= Benedetto Capizzi =

Member of the Sicilian Mafia (1944–2023)

Capizzi at his arrest in 2008

Benedetto Capizzi (28 June 1944 – 12 September 2023) was an Italian mobster and a boss of the Sicilian Mafia, from the Villagrazia area of Palermo. He was nominated to be the head of the new Sicilian Mafia Commission.

On 16 December 2008, Capizzi was among 94 Mafiosi arrested in "Operation Perseus" (Perseo in Italian; after the Greek mythological hero Perseus who beheaded Medusa). The operation foiled an attempt to reconstitute a new Mafia Commission after the arrests of Mafia bosses Bernardo Provenzano, Antonio Rotolo, and Salvatore Lo Piccolo in 2006 and 2007. The object, as one tapped Mafioso put it, was to "re-establish Cosa Nostra" in the old style, with a single all-powerful boss, a "capo di capi".

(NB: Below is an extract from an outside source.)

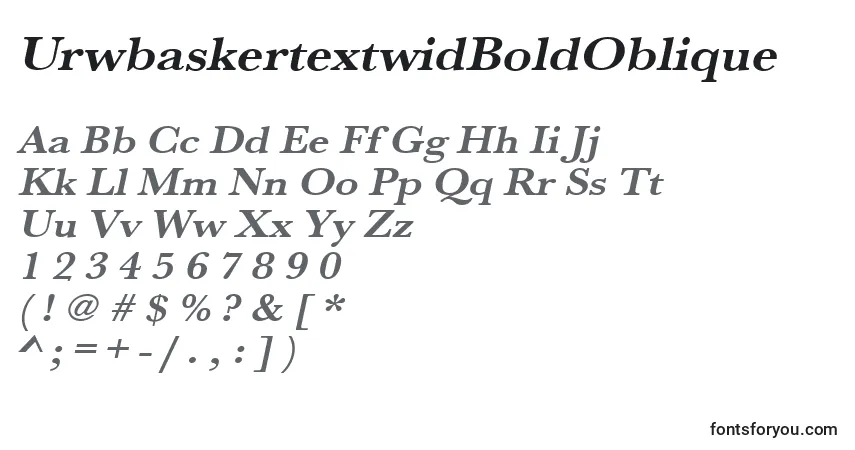 Шрифт UrwbaskertextwidBoldOblique – алфавит, цифры, специальные символы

Capizzi had been nominated as the possible head of the Commission. Among the other members were other historical Cosa Nostra bosses, such as Gerlando Alberti, Gregorio Agrigento from San Giuseppe Jato, Giovanni Lipari, Gaetano Fidanzati, Giuseppe Scaduto from Bagheria, and Salvatore Lombardo, the 87-year-old boss from Montelepre. Many of those arrested had recently been released from prison on health grounds, and were serving out their sentences under house arrest.

When told of the decision to appoint Capizzi, another boss, Gaetano Lo Presti, appointed boss of Porta Nuova area of Palermo in 2007 by Lo Piccolo, challenged the decision, demanding: "Who authorised this?" The implication was that he believed Lo Presti had more claim to the top job than Capizzi. There was also the suggestion of a new round of "Mafia wars" on the streets of Sicily. It was this fear that led police to bring their assault forward and launch an operation that resulted in 94 arrests. Lo Presti, whose indiscretions on the telephone prompted Italian police to launch the operation, hanged himself in his prison cell, hours after being arrested.

In 2010, after Gaspare Spatuzza became a pentito, Capizzi was sentenced to 30 years in prison for his roles in the murder of Giuseppe Di Matteo.

Capizzi died on 12 September 2023, at the age of 79.